For the last equality, we use the spectral decomposition (2) along with the orthonormality of the eigenvectors $\varphi_i$ .

Since we assume the chain is initialized in the stationary distribution $x_0 \sim \pi$ , it remains in stationarity at time $n$ , $x_n \sim \pi$ , so we have $\expect[f(x_n)] = \expect[f(x_0)] = c_1$ .
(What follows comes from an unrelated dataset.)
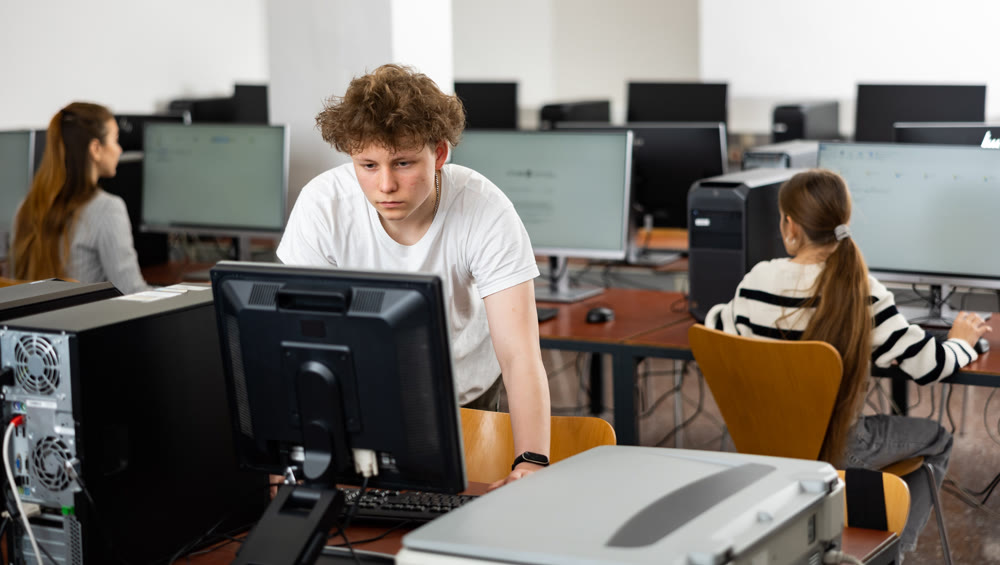 Portrait of guy working at computer in computer class at school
Now, let’s compute $\expect[f(x_0)f(x_n)]$ . Use the law of total expectation to write

$\begin{align*}\expect[f(x_0)f(x_n)] &= \sum_{i=1}^m \expect[f(x_0) f(x_n) \mid x_0 = i] \prob\{x_0 = i\} \\&= \sum_{i=1}^m f(i) \expect[f(x_n) \mid x_0 = i] \pi_i.\end{align*}$

Now, invoke (3) and the definition of the $\pi$ -inner product to write

$\expect[f(x_0)f(x_n)] = \sum_{i=1}^m f(i) (P^n f)(i) \pi_i = \langle f, P^n f\rangle.$

Finally, using the spectral decomposition, we obtain

$\expect[f(x_0)f(x_n)] = \left\langle \sum_{i=1}^m c_i \varphi_i,\sum_{i=1}^m c_i P^n\varphi_i \right\rangle = \left\langle \sum_{i=1}^m c_i \varphi_i,\sum_{i=1}^m c_i \lambda_i^n \varphi_i \right\rangle = \sum_{i=1}^m \lambda_i^n \, c_i^2.$

Combining this formula with our earlier observation that $\expect[f(x_0)] = \expect[f(x_n)] = c_1$ and plugging into (4), we obtain

(5) $\Cov(f(x_0),f(x_n)) = \sum_{i=1}^m \lambda_i^n \, c_i^2 - c_1^2 = \sum_{i=2}^m \lambda_i^n c_i^2.$

For the second equality, we use that the largest eigenvalue is $\lambda_1 = 1$ , so $c_1$ entirely drops out of the covariance.

Step 4: Wrapping it Up

With the formula (5) for the covariance in hand, we are ready to evaluate the $\sigma^2$ variance parameter in the Markov chain CLT. First, note that the variance is

$\Var[f(x_0)] = \Cov(f(x_0),f(x_0)) = \sum_{i=2}^m \lambda_i^0 c_i^2 = \sum_{i=2}^m c_i^2.$

Therefore, combining this formula for the variance and the formula (5) for the covariance, we obtain

$\begin{align*}\sigma^2 &= \Var[f(x_0)] + 2\sum_{n=1}^\infty \Cov(f(x_0),f(x_n)) \\&= \sum_{i=2}^m c_i^2 + 2\sum_{n=1}^\infty \sum_{i=2}^m \lambda_i^n \, c_i^2 \\&= -\sum_{i=2}^m c_i^2 + 2\sum_{i=2}^m \left(\sum_{n=0}^\infty \lambda_i^n\right)c_i^2 .\end{align*}$

Now, apply the formula for the sum of an infinite geometric series to obtain

(6) $\sigma^2 = -\sum_{i=2}^m c_i^2 + 2\sum_{i=2}^m \frac{1}{1-\lambda_i} c_i^2 = \sum_{i=2}^m \left(\frac{2}{1-\lambda_i}-1\right)c_i^2 = \sum_{i=2}^m \frac{1+\lambda_i}{1-\lambda_i} c_i^2.$

Conclusion: Laziness is (Asymptotically) Bad for Averaging

Before we get to the conclusions, let’s summarize where we are. We are seeking to use Markov chain average

$\hat{f}_N = \frac{1}{N} \sum_{i=0}^{N-1} f(x_n)$

as an approximation to the stationary mean $\expect_{x \sim \pi} [f(x)]$ . The Markov chain central limit theorem shows that, for a large number of steps $N$ , the error $\hat{f}_N - \expect_{x\sim\pi}[f(x)]$ is approximately normally distributioned with mean zero and variance $\sigma^2/N$ . So to obtain accurate estimates, we want $\sigma^2$ to be as small as possible.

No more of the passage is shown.